Source material:
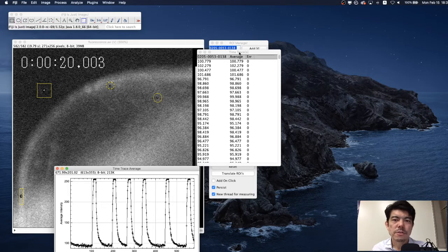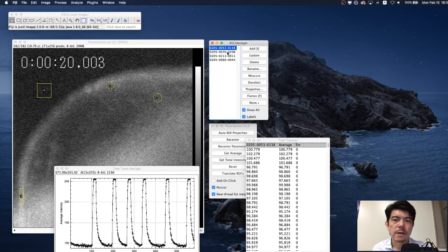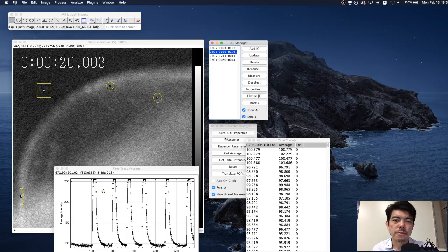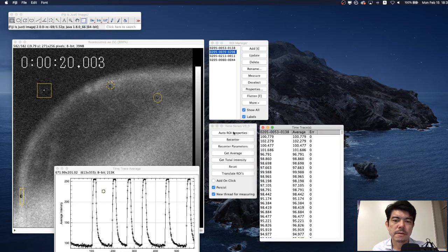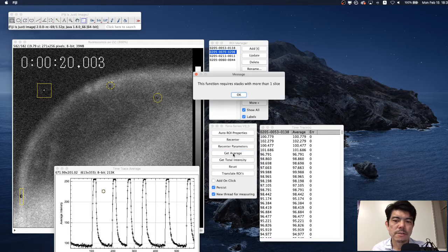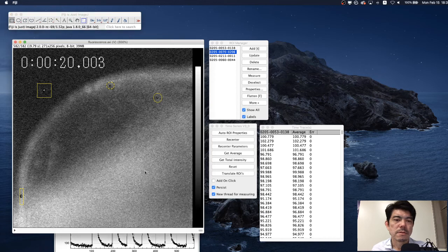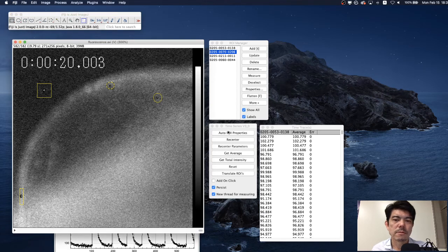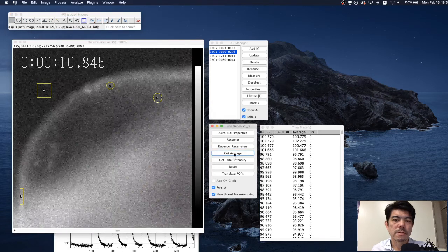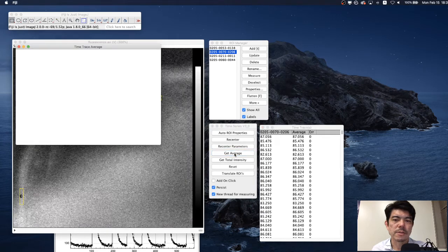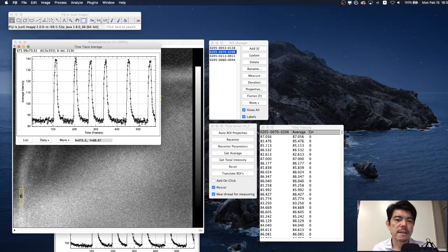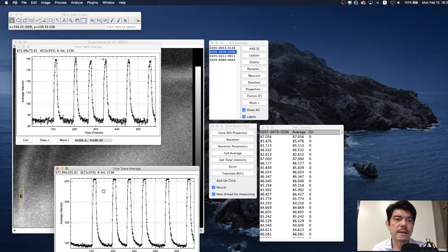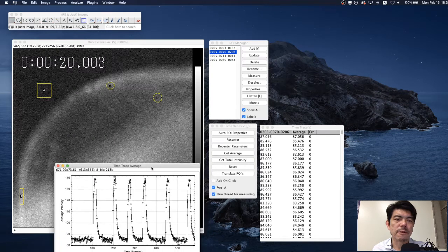Alright, and now we choose ROI 2 and do the same thing. Get average. Oops. Just a moment. Well, it should do. Yes, now it's working. It's nicely analyzed the signal fluctuation in this ROI.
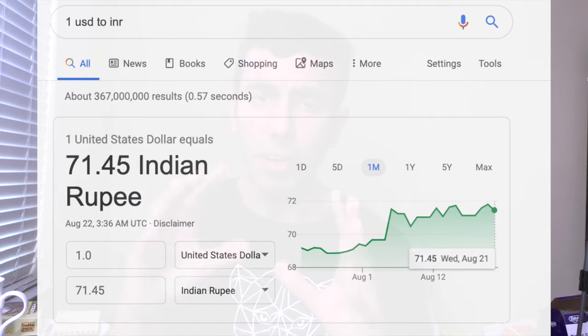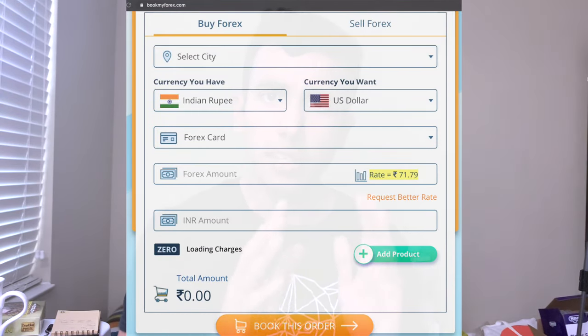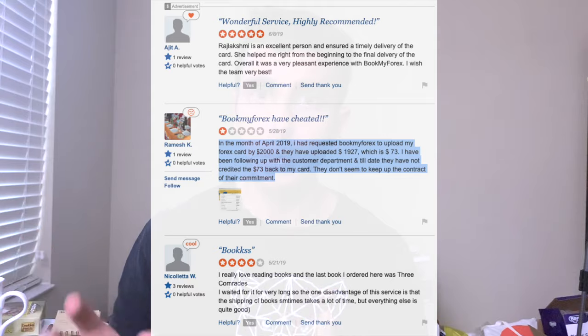Category three includes privately owned forex card platforms like BookMyForex.com. You can get a forex card pretty fast — within a day. You can manage the card online, add money, and unload, with no loading fee. The con is a conversion fee: while Google shows one USD equals around 71.45, BookMyForex shows around 71.80, making roughly 30 paisa on every dollar. Their mobile app is not well-reviewed and customer service for unloading unused balances can be problematic for some users.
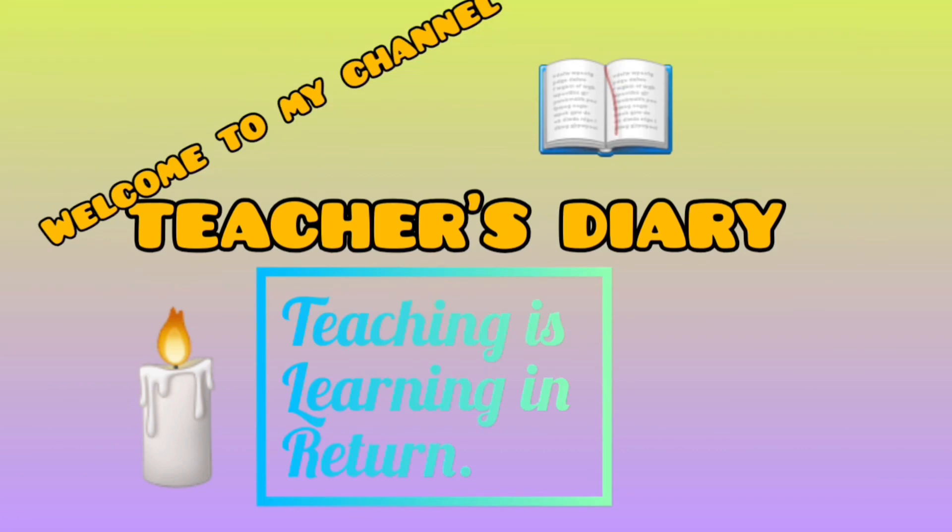Bismillah ar-Rahman ar-Rahim. Assalamu alaikum. Welcome to my channel, Teacher's Diary.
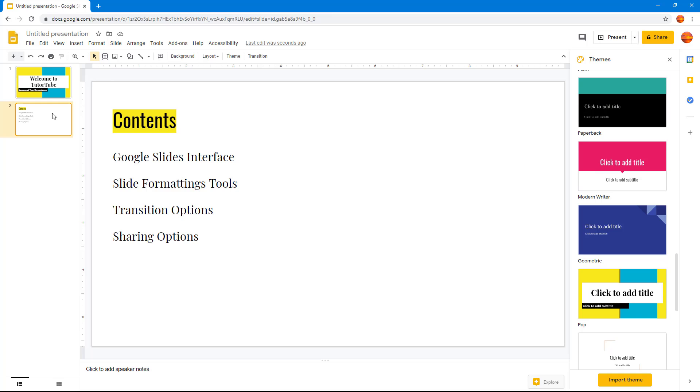That is how you can create a presentation from scratch. In further lessons, we're going to learn how we can work with even more detailed elements that are available in Google Slides.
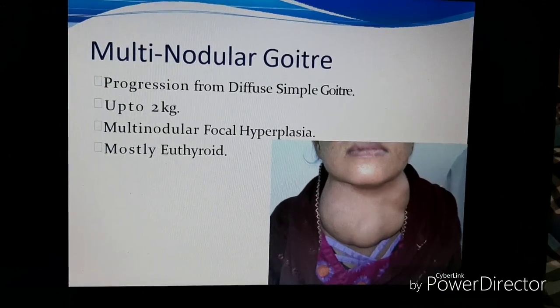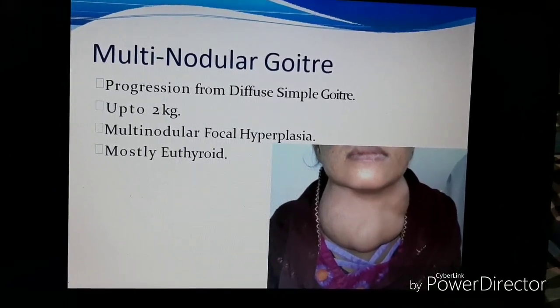Coming to multinodular goiter. Basically, this is the progression from diffuse goiter. The thyroid gland can become as large as 2 kilograms. What happens is there is hyperplasia of all the nodules of the thyroid. One important feature to know is that even though the size of the thyroid gland increases, there is euthyroidism, which means normal functioning of the thyroid. Notice the multiple nodules that have enlarged.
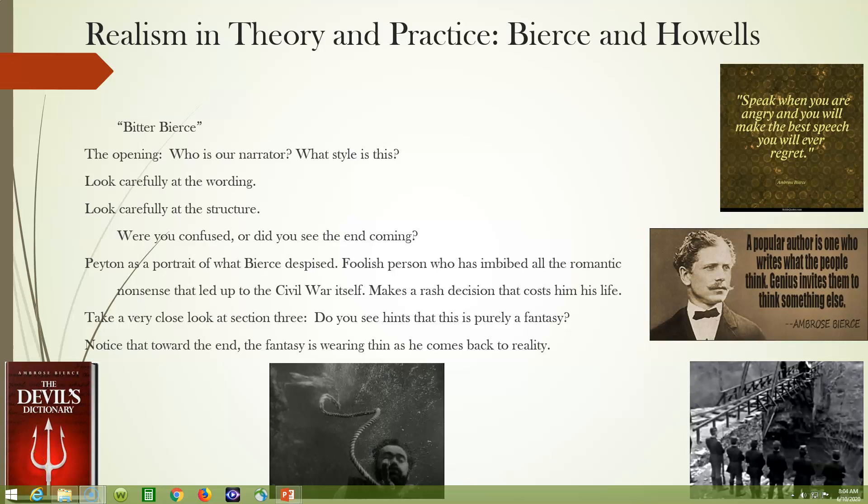Welcome to lecture two of our class, which I have called Realism in Theory and Practice: Bierce and Howells. It's going to be a shorter lecture with a shorter selection of readings. My advice is to use this week as an opportunity, since there's less work, to get a little bit ahead. Do some reading ahead — not too far, but build a cushion if you'd like.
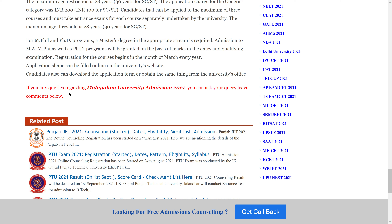If you have any queries regarding Malayalam University admissions, you can ask in the video description box link. Thank you so much for watching my video.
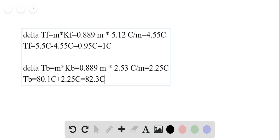By using the van't Hoff equation, calculating the molality, and utilizing the kf and kb factors found in the table in the book, we calculated the freezing temperature and boiling temperature of the naphthalene and benzene mixture.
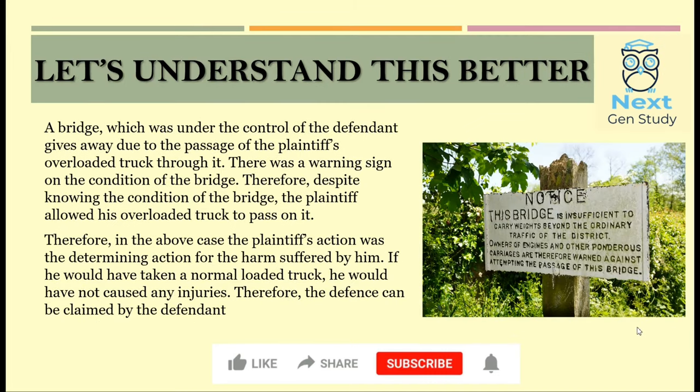Let's understand this better with the help of an example. There is a bridge that is in the defendant's control. One day, the plaintiff passed his overloaded truck on it. There was a clear warning sign about the condition of the bridge, which stated that the bridge cannot carry weight above a certain limit. Despite knowing the condition of the bridge, the plaintiff allowed his overloaded truck to pass on it.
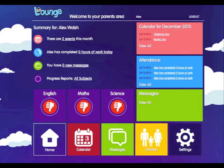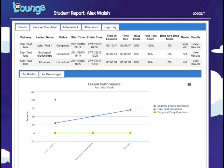Parents can also see graphical data of their children's progress, alongside predicted and actual grades.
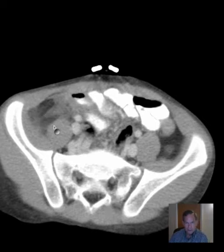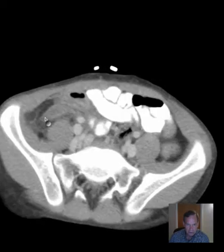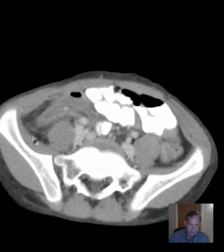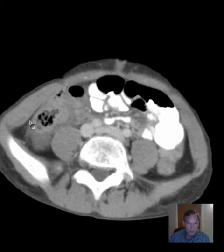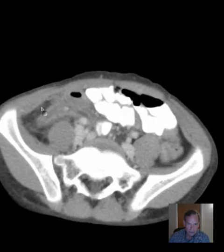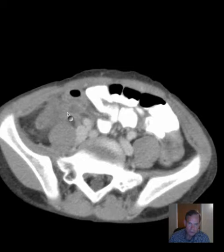This is a good image showing you the nice, clean fat here in the retroperitoneum and in the peritoneum. And here we have stranding that's really quite conspicuous. So what could be causing it? We have a structure here that's tubular and it has a little high attenuation focus in it, so that looks suspicious for an abnormal appendix.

Task brief:
The answer should consist only of the lines above from the one with "By using the" through the one with "Let's understand this", repeated exactly, with no pictures among them.

Answer to the exercise:
By using the van't Hoff equation, calculating the molality, and utilizing the kf and kb factors found in the table in the book, we calculated the freezing temperature and boiling temperature of the naphthalene and benzene mixture.
Let's understand this better with the help of an example. There is a bridge that is in the defendant's control. One day, the plaintiff passed his overloaded truck on it. There was a clear warning sign about the condition of the bridge, which stated that the bridge cannot carry weight above a certain limit. Despite knowing the condition of the bridge, the plaintiff allowed his overloaded truck to pass on it.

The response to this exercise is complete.